Serie A of the 1990s; a footballing mecca, the most all-imposing, all-conquering league in the history of the sport, home to the best players, managers (and for a short time) stadiums on the planet. It was and remains the Holy Grail for all domestic leagues the world over. Yet even by its lofty standards, the 1997-98 edition was something truly special, and yet so controversial, that arguments pertaining to it rumble on to the current day.
It was a season of the very highest quality – with an array of sublime footballers awash throughout the league - a season so highly contentious it was debated in the house of Parliament. A season that was essentially dominated by two teams, and to be more specific, by two players, the finest pair on the planet, pushing their respective teams towards glory.
The landscape of Serie A in the summer of 1997 was similar to pretty much every summer that came before it during the decade; an influx of some of the finest stranieri in the world game. Cafu, Diego Simeone and Patrick Kluivert all arrived on the peninsula, Jurgen Klinsmann also returned, signing for Sampdoria. Nevertheless it was the signing of a buck-toothed Brazilian by Inter that was the talk of the entire country. Ronaldo de Lima, the current FIFA World Player of the Year.
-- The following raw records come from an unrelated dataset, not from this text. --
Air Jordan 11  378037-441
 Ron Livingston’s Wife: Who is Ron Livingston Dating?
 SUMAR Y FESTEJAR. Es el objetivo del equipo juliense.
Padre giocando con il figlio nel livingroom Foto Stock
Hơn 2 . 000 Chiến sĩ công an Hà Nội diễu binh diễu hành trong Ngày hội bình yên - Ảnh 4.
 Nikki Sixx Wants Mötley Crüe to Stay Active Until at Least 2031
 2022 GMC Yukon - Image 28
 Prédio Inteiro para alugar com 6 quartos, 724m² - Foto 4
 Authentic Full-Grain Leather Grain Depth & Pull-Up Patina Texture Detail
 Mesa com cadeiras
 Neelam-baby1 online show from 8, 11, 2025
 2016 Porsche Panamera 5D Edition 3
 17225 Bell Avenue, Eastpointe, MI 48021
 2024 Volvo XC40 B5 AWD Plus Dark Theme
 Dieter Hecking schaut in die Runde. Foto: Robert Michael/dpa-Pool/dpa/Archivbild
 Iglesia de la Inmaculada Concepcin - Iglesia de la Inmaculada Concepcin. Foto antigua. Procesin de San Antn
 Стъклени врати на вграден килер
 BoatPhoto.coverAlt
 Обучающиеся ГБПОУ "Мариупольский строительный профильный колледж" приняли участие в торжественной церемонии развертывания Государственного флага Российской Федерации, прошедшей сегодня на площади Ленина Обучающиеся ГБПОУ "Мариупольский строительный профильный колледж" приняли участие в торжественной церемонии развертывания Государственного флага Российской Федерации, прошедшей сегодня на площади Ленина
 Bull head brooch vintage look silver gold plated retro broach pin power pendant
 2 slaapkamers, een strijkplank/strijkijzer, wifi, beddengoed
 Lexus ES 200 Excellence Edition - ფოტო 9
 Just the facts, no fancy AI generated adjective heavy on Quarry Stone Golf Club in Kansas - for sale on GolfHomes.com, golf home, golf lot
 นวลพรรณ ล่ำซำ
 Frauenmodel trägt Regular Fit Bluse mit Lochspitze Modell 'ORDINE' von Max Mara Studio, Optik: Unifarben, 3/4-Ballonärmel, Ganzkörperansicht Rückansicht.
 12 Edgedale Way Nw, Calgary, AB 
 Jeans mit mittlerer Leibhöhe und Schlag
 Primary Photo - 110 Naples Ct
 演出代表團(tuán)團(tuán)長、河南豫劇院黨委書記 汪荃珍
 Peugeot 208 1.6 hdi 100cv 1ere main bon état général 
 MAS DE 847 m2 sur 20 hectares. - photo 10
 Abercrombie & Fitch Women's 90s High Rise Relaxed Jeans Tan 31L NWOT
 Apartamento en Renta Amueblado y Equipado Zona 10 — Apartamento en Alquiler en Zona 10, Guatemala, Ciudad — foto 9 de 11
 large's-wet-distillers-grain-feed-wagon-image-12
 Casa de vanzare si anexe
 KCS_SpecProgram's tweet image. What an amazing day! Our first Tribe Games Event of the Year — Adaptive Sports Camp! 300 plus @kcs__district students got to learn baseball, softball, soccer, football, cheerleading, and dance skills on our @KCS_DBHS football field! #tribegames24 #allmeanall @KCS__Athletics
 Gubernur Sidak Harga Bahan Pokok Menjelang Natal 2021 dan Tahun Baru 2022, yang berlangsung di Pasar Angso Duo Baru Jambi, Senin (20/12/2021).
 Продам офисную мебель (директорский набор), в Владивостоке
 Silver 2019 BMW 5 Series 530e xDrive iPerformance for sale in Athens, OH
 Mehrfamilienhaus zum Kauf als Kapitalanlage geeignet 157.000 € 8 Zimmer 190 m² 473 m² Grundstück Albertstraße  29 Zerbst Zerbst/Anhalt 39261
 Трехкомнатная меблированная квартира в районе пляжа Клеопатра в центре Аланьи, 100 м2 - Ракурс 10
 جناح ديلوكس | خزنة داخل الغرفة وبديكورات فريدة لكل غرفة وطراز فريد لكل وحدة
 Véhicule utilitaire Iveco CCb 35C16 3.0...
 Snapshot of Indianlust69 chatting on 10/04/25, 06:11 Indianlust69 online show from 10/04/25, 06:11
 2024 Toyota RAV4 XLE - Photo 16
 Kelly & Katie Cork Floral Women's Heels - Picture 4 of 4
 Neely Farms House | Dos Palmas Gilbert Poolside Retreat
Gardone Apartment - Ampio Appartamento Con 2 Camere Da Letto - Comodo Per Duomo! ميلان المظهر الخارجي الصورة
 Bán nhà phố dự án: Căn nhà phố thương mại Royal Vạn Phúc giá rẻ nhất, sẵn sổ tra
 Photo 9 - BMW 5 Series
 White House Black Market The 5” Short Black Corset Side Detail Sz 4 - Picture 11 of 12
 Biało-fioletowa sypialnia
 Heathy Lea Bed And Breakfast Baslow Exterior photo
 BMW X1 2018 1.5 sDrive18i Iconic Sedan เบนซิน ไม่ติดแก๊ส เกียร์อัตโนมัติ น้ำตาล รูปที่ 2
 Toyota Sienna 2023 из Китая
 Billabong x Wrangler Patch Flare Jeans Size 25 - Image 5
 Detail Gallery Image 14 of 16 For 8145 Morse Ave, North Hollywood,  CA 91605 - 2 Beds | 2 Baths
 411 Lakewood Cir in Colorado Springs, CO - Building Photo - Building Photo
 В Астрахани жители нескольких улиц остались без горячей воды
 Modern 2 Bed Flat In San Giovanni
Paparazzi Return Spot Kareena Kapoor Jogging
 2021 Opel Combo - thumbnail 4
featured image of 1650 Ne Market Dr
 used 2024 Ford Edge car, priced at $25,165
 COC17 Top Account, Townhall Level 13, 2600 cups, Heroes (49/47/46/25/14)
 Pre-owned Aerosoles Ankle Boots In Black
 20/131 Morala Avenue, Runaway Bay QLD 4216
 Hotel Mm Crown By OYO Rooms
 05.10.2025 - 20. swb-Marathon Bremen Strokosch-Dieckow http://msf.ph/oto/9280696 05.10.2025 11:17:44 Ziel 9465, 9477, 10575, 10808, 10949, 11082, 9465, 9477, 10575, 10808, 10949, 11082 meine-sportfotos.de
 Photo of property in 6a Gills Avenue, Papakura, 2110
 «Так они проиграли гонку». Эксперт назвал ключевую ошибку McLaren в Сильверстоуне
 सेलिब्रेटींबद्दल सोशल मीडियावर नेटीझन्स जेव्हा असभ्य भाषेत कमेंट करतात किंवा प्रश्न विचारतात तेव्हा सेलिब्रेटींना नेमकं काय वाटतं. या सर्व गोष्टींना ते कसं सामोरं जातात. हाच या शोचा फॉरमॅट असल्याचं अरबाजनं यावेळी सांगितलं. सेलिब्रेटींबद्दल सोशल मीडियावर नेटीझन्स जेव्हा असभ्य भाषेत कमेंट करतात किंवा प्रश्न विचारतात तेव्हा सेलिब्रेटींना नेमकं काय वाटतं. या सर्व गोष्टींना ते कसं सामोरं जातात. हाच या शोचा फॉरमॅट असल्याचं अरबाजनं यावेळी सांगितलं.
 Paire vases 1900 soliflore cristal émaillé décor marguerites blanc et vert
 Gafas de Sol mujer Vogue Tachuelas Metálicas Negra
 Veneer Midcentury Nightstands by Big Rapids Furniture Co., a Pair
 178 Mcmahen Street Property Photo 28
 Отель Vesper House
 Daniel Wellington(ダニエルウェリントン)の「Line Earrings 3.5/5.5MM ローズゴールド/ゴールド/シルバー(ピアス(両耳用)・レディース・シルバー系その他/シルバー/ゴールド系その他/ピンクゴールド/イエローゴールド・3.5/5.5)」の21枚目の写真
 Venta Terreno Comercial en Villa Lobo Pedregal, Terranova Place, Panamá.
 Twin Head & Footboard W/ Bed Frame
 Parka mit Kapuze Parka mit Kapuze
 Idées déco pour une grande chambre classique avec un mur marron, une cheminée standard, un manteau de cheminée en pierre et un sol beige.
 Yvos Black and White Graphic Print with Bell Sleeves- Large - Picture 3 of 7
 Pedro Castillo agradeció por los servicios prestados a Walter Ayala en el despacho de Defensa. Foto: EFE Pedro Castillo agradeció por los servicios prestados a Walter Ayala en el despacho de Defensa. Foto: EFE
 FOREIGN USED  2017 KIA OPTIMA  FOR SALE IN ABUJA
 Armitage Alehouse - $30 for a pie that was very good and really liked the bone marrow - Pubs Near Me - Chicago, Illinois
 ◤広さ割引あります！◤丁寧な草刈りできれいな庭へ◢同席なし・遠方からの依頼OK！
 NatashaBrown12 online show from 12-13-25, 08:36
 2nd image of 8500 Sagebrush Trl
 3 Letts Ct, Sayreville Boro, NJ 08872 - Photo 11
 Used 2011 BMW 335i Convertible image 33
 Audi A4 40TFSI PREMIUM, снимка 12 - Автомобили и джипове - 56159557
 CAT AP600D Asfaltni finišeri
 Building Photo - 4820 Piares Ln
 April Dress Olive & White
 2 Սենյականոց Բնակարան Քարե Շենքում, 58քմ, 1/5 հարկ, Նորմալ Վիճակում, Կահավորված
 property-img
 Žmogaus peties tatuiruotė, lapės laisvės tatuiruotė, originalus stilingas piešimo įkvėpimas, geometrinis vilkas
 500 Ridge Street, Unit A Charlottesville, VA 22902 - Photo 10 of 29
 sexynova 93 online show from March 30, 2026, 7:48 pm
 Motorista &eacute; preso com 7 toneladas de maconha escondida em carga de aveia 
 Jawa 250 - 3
Inter had exploited the breakdown in communication between Ronaldo’s agents and Barcelona to swoop in and pay his release fee of £19.5 million. The Catalans were helpless as Ronaldo swapped Camp Nou for Guiseppe Meazza. Inter and Ronaldo had flirted several years before, with Inter president Massimo Moratti inviting Ronaldo over for a long weekend in Milan as his guest when he was playing for PSV Eindhoven. “How many times I have rued the day I never put in a bid…what a folly on my part.” Moratti once remarked. Now he got his man.
Other movers and shakers saw reigning champions Juventus sell Christian Vieri to Atletico Madrid and replace him with the previous seasons’ Capocannoniere Pippo Inzaghi. Roberto Baggio left Milan after two incredibly underwhelming years and after being snubbed by Carlo Ancelotti at Parma whilst also rejecting offers from Derby County and Man Utd, the Divine Ponytail joined Bologna.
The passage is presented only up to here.